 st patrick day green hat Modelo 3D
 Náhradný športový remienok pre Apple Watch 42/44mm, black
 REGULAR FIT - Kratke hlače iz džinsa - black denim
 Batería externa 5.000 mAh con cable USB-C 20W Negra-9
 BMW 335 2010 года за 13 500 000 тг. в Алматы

· · · · ·

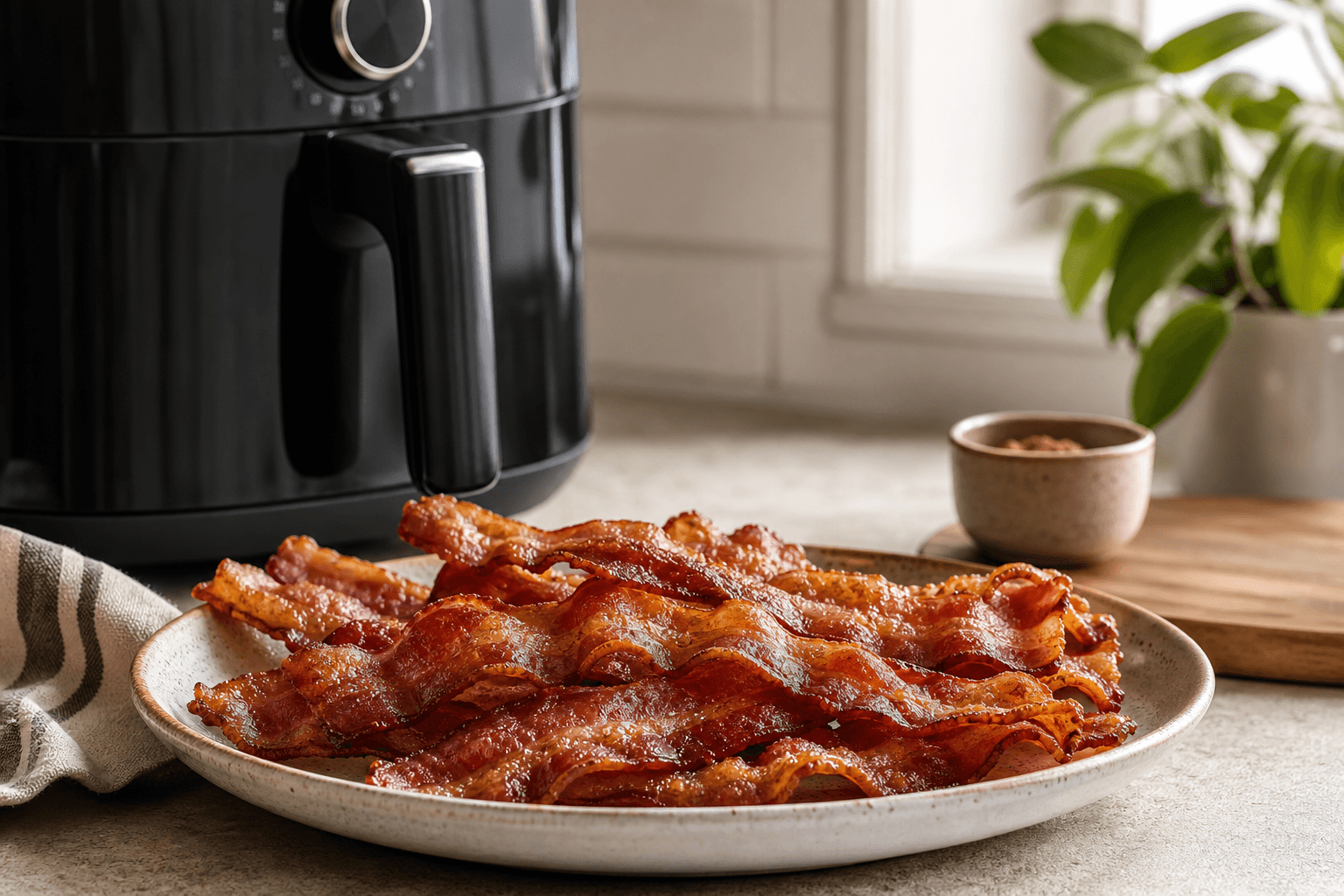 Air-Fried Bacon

· · · · ·

> _REQUIREMENT_: Among the entries above, copy exactly only the lines starting with the one containing "st patrick day green hat Modelo 3D" and going through the one containing "BMW 335 2010 года за 13 500 000 тг. в Алматы", both ends included.

> _WRITTEN RESPONSE_:
 st patrick day green hat Modelo 3D
 Náhradný športový remienok pre Apple Watch 42/44mm, black
 REGULAR FIT - Kratke hlače iz džinsa - black denim
 Batería externa 5.000 mAh con cable USB-C 20W Negra-9
 BMW 335 2010 года за 13 500 000 тг. в Алматы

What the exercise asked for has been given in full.